The competitive fishing world has had its share of creative cheaters, and now a new scandal is consuming the circuit. After a dispute over the winning marlin in last month’s White Marlin Open in Maryland, 13 competitors are stuck in limbo, as the tournament still has not awarded its $2.8 million prize. Officials say the original victor, Philip Easley, caught his 76.5-pound winning fish before the tournament started. Easley maintains his innocence.
Though anglers are outraged, competitive fishing has a long history of cheating. The idea for the modern big-money derby—in which competitors buy into an event, fish in an area for a specific period of time, and award the pot to the biggest haul—came from an Alabama insurance salesman specifically aiming to clean up the sport.

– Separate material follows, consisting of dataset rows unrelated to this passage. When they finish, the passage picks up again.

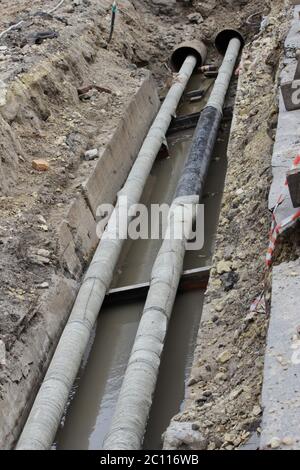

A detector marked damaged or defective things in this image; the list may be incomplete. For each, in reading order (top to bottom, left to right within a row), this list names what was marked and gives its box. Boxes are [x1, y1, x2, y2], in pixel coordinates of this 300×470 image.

broken concrete edge [0, 73, 161, 448]
broken concrete edge [258, 3, 300, 452] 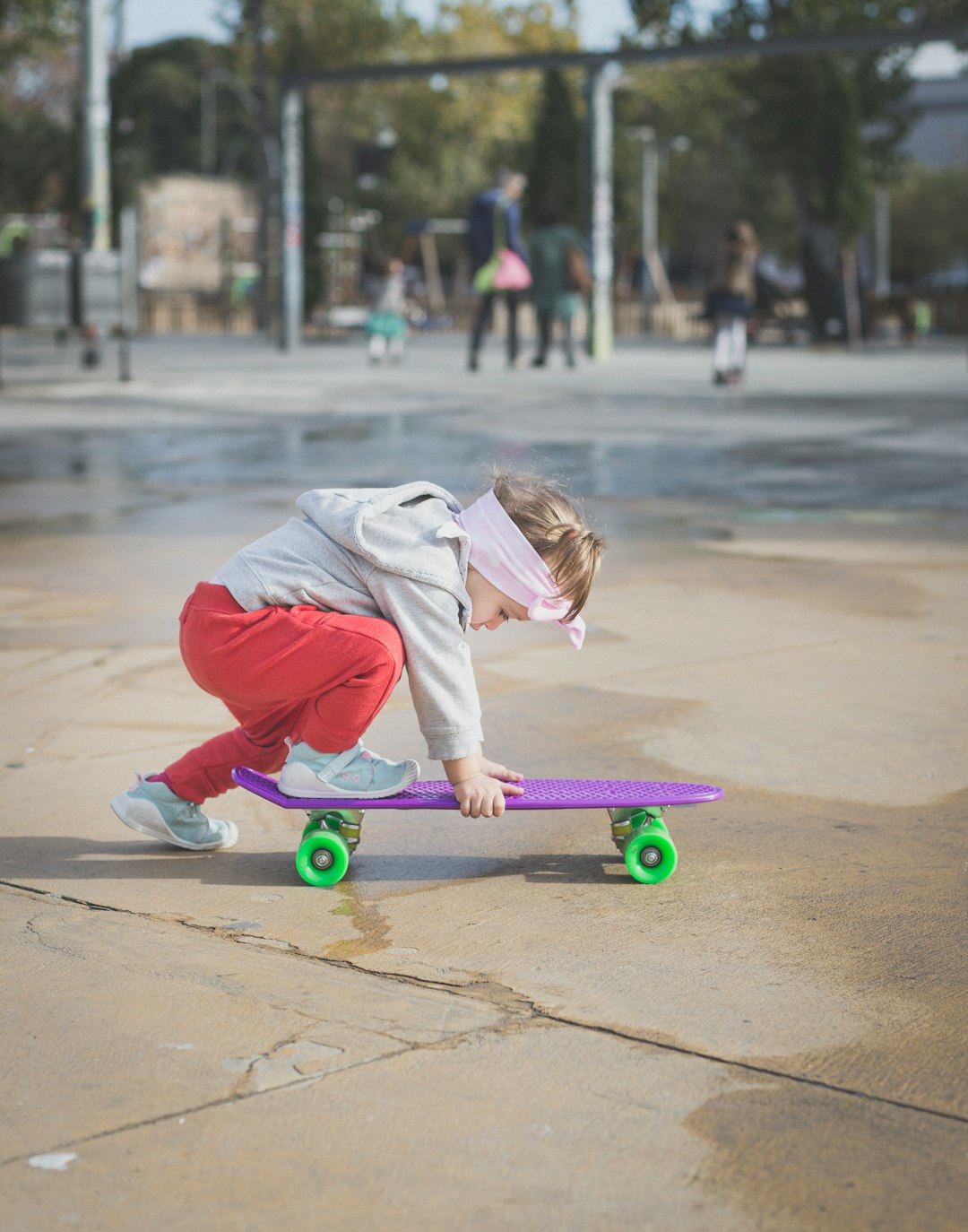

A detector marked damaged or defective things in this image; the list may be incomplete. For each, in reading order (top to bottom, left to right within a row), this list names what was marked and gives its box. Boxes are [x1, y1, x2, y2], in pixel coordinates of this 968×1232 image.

cracked concrete [0, 332, 960, 1227] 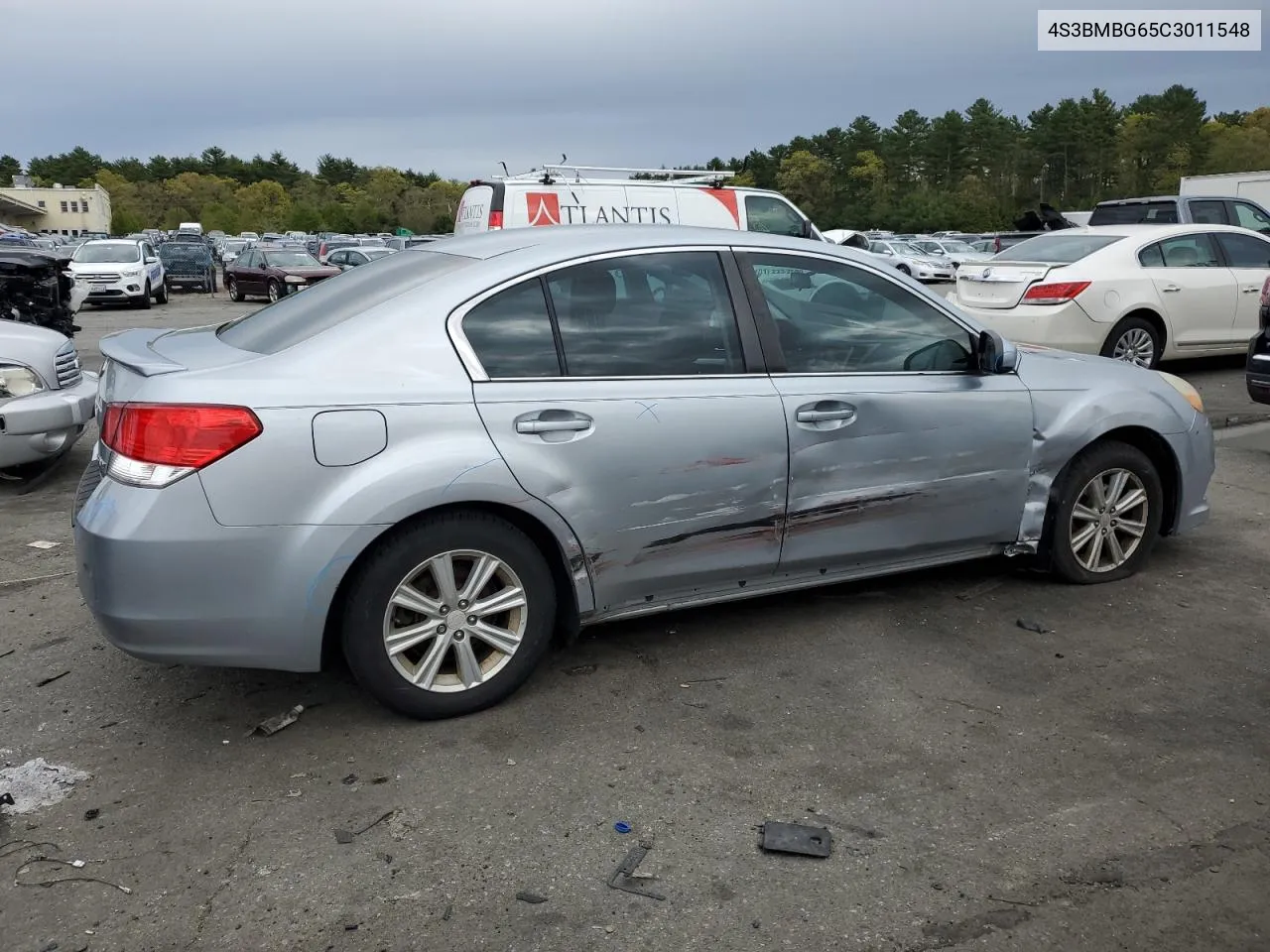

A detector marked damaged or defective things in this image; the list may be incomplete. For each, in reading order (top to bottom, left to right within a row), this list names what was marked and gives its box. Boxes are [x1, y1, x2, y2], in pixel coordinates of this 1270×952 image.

damaged silver car [76, 225, 1208, 715]
dented door panel [772, 375, 1031, 578] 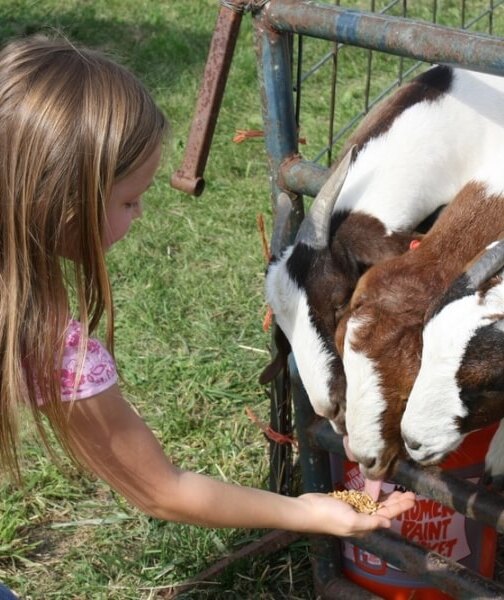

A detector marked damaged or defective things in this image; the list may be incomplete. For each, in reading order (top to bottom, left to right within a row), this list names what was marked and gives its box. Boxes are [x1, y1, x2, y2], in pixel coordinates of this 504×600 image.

rusty metal pipe [170, 5, 243, 197]
rusty metal pipe [264, 0, 504, 77]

Ray Scott charged a $100 fee for the first All-American Invitational Bass Tournament in 1967, hoping it would only attract serious fishermen and leave frauds at home. “Cheating was almost synonymous with fishing [at the time],” Scott told Grantland in 2014.
To deter cheating today, tournaments administer post-catch polygraph tests to competitors. While the White Marlin Open’s pot is the largest disputed sum in the sport’s history, officials still frequently catch people submitting illegal fish. These are some of their stories.
Black Bass (cc)
In the early 1980s, Florida man Elro McNeil and three accomplices worked with at least six different anglers to scam fishing tournaments in Texas and Louisiana. McNeil would buy black bass in South Florida, deliver them in an aerated tank-rigged truck, and split the prize money with competitors. The group made more than $200,000 by 1984, when McNeil pleaded guilty to conspiracy to defraud and ended up spending five years in prison.
Weight A Minute
John Hoyle had won a Lake Wylie tournament the previous year (image via FLW Fishing)

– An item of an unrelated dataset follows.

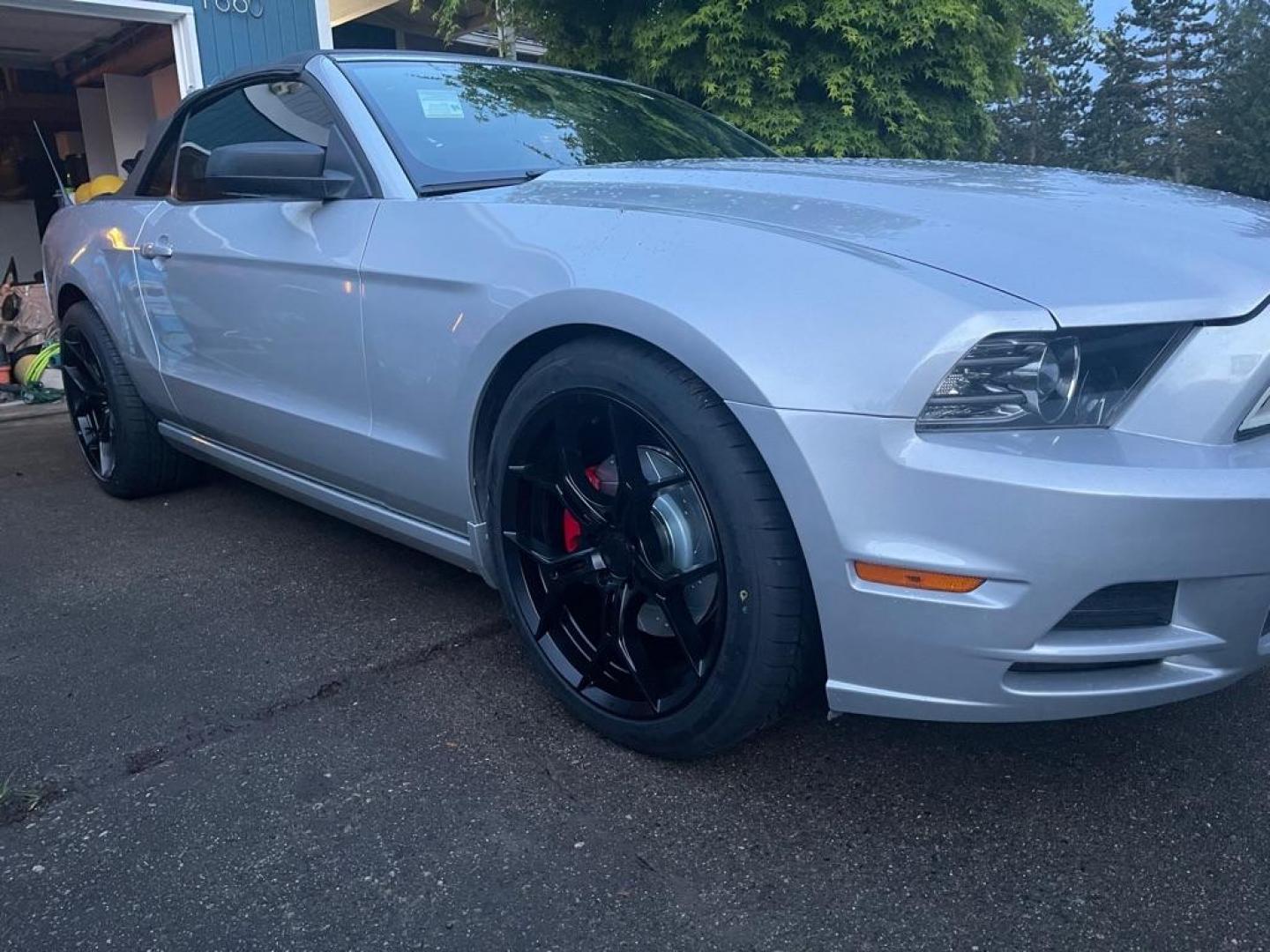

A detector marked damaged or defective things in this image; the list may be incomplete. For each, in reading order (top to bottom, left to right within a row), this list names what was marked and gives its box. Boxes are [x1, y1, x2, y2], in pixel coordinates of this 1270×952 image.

crack in asphalt [6, 619, 510, 827]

North Carolina’s John Hoyle finished third in the Walmart Bass Fishing League tournament on Lake Wylie, S.C., in 2012, but was disqualified after officials found an 11-ounce lead weight in one of his fish’s stomachs.
Asian Carp (cc)
In 2013, Kentucky hosted a tournament for commercial fishermen to attach the invasive Asian Carp disrupting the state’s lakes, offering $20,000 in prize money. Officials disqualified the winner, 63-year-old Ronny Hopkins, after realizing one of Hopkins’ biggest fish was stolen from the local aquarium where he used to work.
Another bass (cc)
At last year’s Sealy Big Bass Splash in Lake Fork, Texas, officials determined the winning fisherman doctored the winning fish by trimming its tail to fit under the tournament’s height limit. The angler was charged with a third-degree felony.
Father’s Day Fraud
Two honest walleyes (cc)
Last summer in Vermont, 44-year-old Craig Provost collected over $13,000—including $3,000 from a “super bonus pool”—for the 10.26-pound walleye he submitted in the Lake Champlain International Father’s Day Fishing Derby. As it turns out, one of Provost’s boatmates, who didn’t enter the bonus pool, actually caught the fish. Provost’s ex-girlfriend turned them in. In July, Provost pled not guilty to felony fraud.